PUCKETT; SPEARS; TULEV The Tower and the Garden
View record and artist detailsRecord and Artist Details
Composer or Director: Donald Nally
Genre:
Vocal
Label: Navona
Magazine Review Date: 04/2021
Media Format: CD or Download
Media Runtime: 65
Mastering:
DDD
Catalogue Number: NV6303

Tracks:
Composition | Artist Credit |
---|---|
A Child Said, What Is the Grass? |
Toivo Tulev, Composer
Donald Nally, Composer The Crossing |
The Tower and the Garden |
Gregory Spears, Composer
Adelya Nartadjieva, Violin Arlen Hlusko, Cello Brandon Garbot, Violin Donald Nally, Composer Jordan Bak, Viola The Crossing |
I Enter the Earth |
Joel Puckett, Composer
Donald Nally, Composer The Crossing |
Author: Guy Rickards
The Crossing are a leading chamber choir, comprising 24 singers, who won Grammy Awards in 2018 and 2019 for two of their more than 20 recordings.

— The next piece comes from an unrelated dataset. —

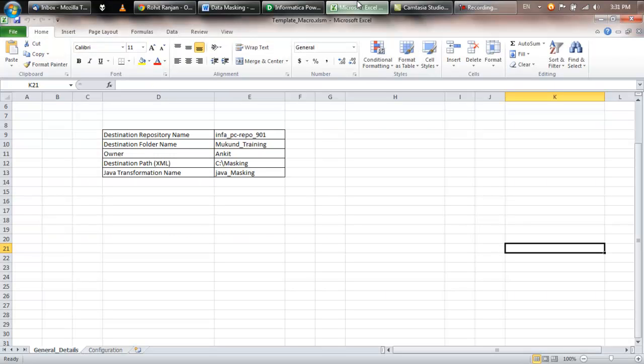Hi! Data Masking Tool is an Excel-based tool which uses a macro to generate a reusable Informatica Power Center Java Transformation.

From the outset of the first track, Toivo Tulev’s motet A child said, what is the grass?, their vocal clarity, superb tone and ensemble are fully in evidence, traits maintained throughout what is a challenging work and programme. Premiered in 2015, it sets words from Whitman’s Leaves of Grass in a beautifully gentle yet intense single movement. Tulev’s music is often pluralistic in style; here, the music lies towards the atonal end of the free tonality spectrum but the harmonic logic is wonderfully clear. A child said, what is the grass? is very affectingly sung here, a showcase for The Crossing without sounding like one.
Gregory Spears’s The Tower and the Garden (2018) is a four-movement suite for chorus and string quartet. The style is more traditionally tonal, the string quartet a partner to the voices rather than ‘mere’ accompanists. The central movements set poems by Denise Levertov – treating the Tower of Babel as a metaphor for the dangers of unchecked technological advance – and Keith Garebian, musing on Derek Jarman’s garden, which acted as a refuge in his final illness. These are framed by two settings of Trappist monk Thomas Merton’s poem ‘80’, an ‘eschatalogical meditation on Gethsemane’. A joint commission with two other choirs, it was The Crossing who gave the premiere and provide a compelling account for its first recording.
Joel Puckett (b1977, like Spears) was a name new to me. His motet I enter the earth (2015) is a real find, setting a text from a Botswanan tribe. The naturalistic words put me in mind of some of the aboriginal-derived texts that have been set by Australian composers, though the chordal harmonies have resonances at several removes of Ligeti’s Lux aeterna. It is beautifully sung.